• **Exercise**
From the records below, output exactly the lines starting at the line with "Framed River Roses II" and ending at the line with "Automania Women's Slim Ribbed Crop T-Shirt", both of them included, but no pictures.

• **Input records**
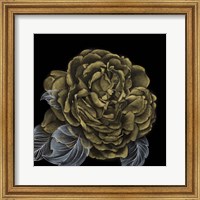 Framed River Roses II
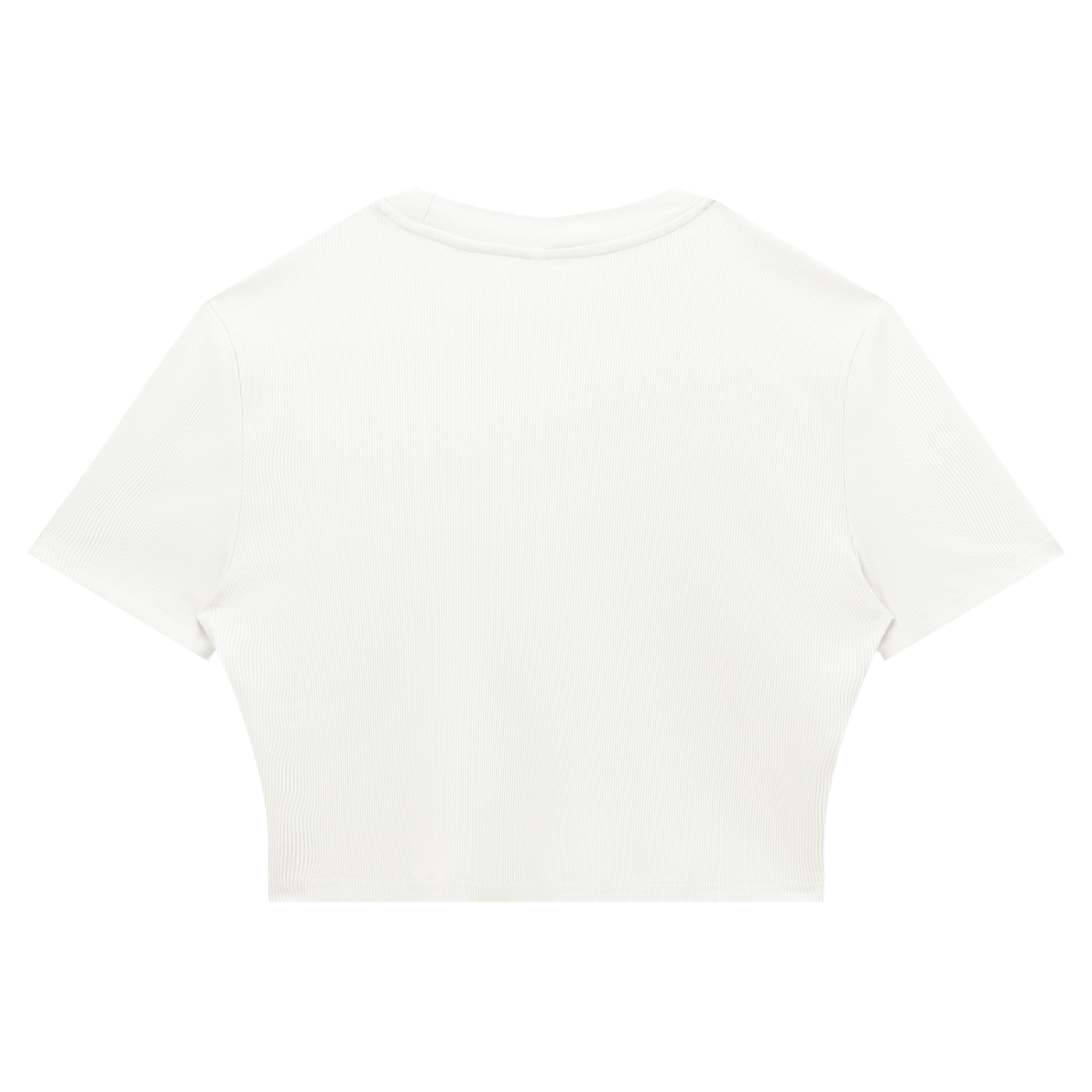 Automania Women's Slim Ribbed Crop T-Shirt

==

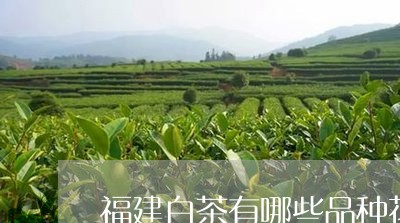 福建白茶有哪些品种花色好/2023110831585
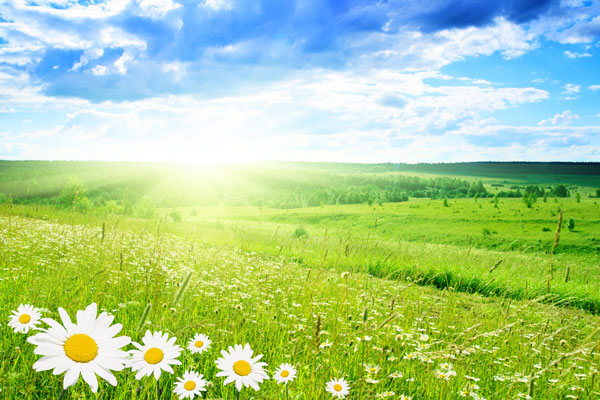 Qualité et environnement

==

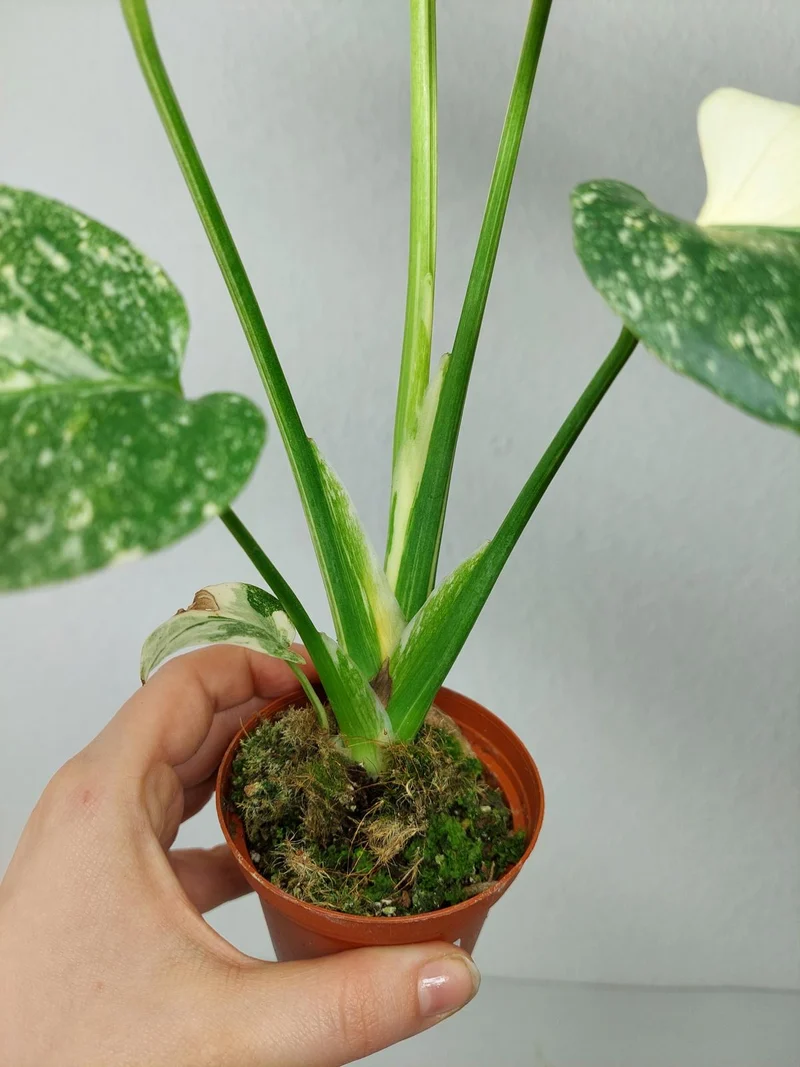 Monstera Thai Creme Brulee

• **Answer space**
 Framed River Roses II
 Automania Women's Slim Ribbed Crop T-Shirt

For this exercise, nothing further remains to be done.